Dans le champ de la schizophrénie_, Kraepelin comme Bleuler décriront ce concept sans utiliser le
néologisme. Kraepelin (1909) évoque « _l’indifférence caractéristique des patients pour les
interactions sociales, l’absence d’émotion, l’extinction de l’affection pour la famille et les amis, et la
perte de satisfaction dans leurs activités diverses sont assez souvent les premiers symptômes à se
manifester, marquant le début de la maladie ».

En psychopathologie, l’anhédonie peut se référer à la fois à un symptôme-état dans divers troubles


psychiatriques et organiques (dépression, schizophrénie, toxicomanies et autres conduites à risque,
maladie de Parkinson, etc.) et à un symptôme-trait caractérisant le patient et intégré dans certains
modèles de vulnérabilité. (Gaillard, Gourion & Llorca, op. cit.)

Dans sa définition originale, Ribot décrit l’anhédonie comme « l’incapacité à éprouver du plaisir ».
Cependant, il est apparu que le concept de plaisir est un construit complexe qui intègre, outre
l’éprouvé subjectif de plaisir, des composantes distinctes : renforcement positif, désir et motivation,
capacité cognitive à anticiper l’utilité d’un comportement, traitement de la récompense et mémoire
de l’éprouvé de plaisir (Treadway & Zald, 2011). Ces données nouvelles ont récemment conduit à la
spécification de deux catégories :

▪ l’anhédonie de consommation (apprécier ou "liking"),

et

▪ l’anhédonie de motivation (vouloir ou "wanting")

Cette distinction semble pertinente cliniquement. En effet, le psychiatre Donald Klein (1984) a noté
que de nombreux patients souffrant de dépression et d’anhédonie semblaient parvenir à profiter de
récompenses qui étaient facilement disponibles, mais se plaignaient sincèrement de ne sentir aucune
envie de les obtenir .

De meme, des échelles ont été développées pour caractériser chez les patients l'anhédonie et l’effet
de la prise en charge thérapeutique sur celle-ci.
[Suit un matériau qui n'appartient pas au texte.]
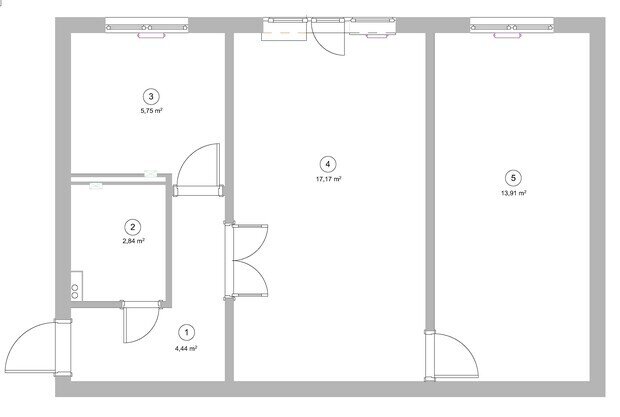 Фотография: Планировки в стиле , Современный, Эклектика, Малогабаритная квартира, Квартира, Проект дня, Беларусь, Минск, Хрущевка, Кирпичный дом, 2 комнаты, 40-60 метров, Эльвира Мисюро – фото на INMYROOM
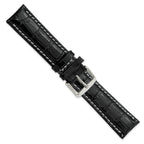 Crocodile-Grain Watch Band in Leather - Sophia Jewelers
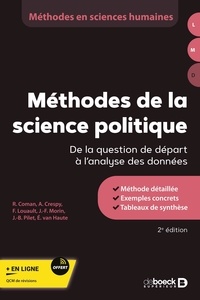 Jean-Benoit Pilet et Ramona Coman - Méthodes de la science politique - De la question de départ à l'analyse des données.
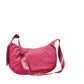 Dark Pink Solid Nylon Sling Bag Crossbody Bag, is perfect to carry all your handy items with ease. This handbag features a top zipper closure for security that makes your life easier and trendier. This is the perfect gift idea for a birthday, holiday, Christmas, anniversary, Valentine's Day, etc.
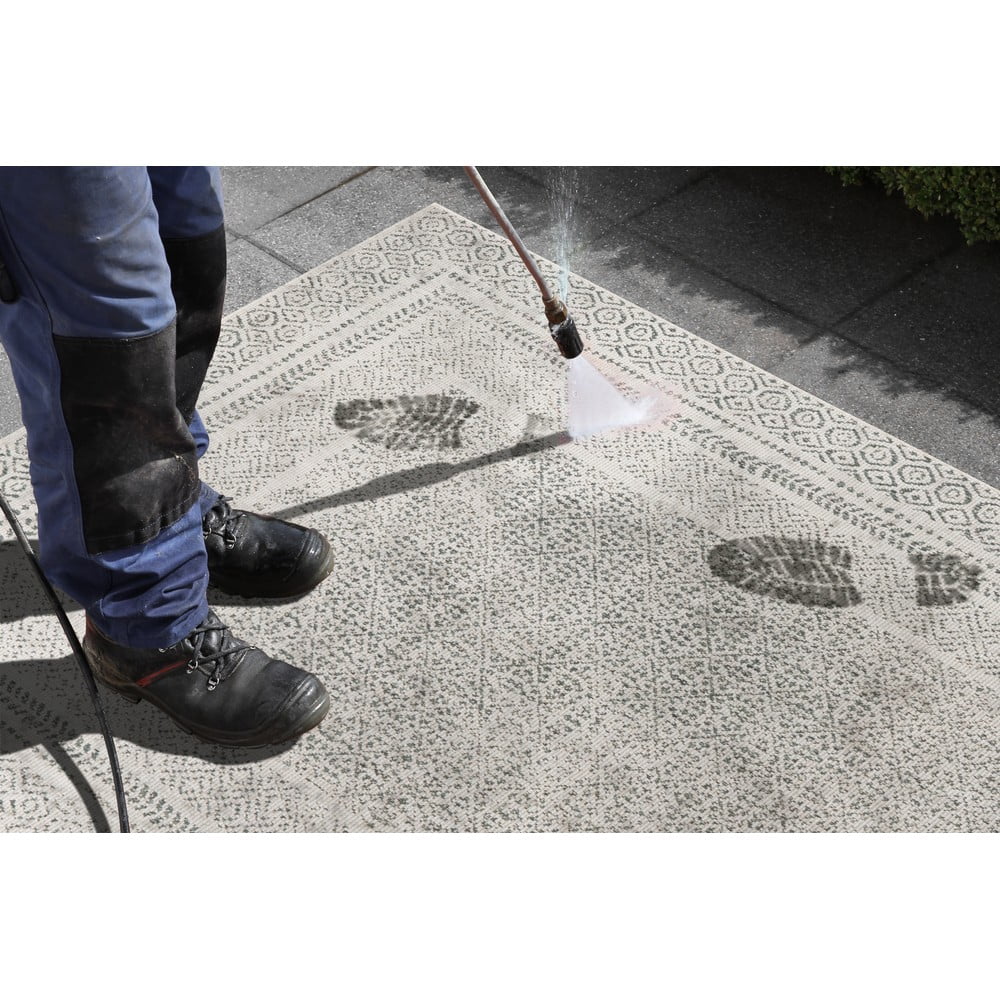 Zeleno-bílý venkovní běhoun Ragami Berlin, 80 x 250 cm - Obrázek 2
Voici deux échelles de mesure d'anhédonie :

▪ La Fawcett Clark Depression Scale (Fawcett, 1983) a été spécifiquement développée pour la mesure
de l’anhédonie dans la dépression. Elle a été traduite en français (Hardy et al., 1986). Elle comporte
36 items.

▪ L’échelle de plaisir de Snaith-Hamilton (Snaith, Hamilton et al., 1995), abrégé Shaps est la plus
couramment utilisée dans la mesure de l’anhédonie. C'est un auto-questionnaire de 14 items conçu
pour évaluer la capacité hédonique du patient dans différentes circonstances de la vie quotidienne.
Elle a été traduite en français par Loas et al (1997).

Les 14 items couvrent quatre domaines (dimensions) d’expérience hédonique : intérêts/passe-temps


(items 1, 4 et 9), interaction sociale (items 2, 7, 8, 13, et 14), expérience sensorielle (items 5, 6, 11, et
12), et nourriture/boisson (items 3 et 10).

Comme il s’agit d’une échelle courte,elle s’avère être un instrument très utile pour mesurer
l’anhédonie dans les domaines cliniques et de recherche.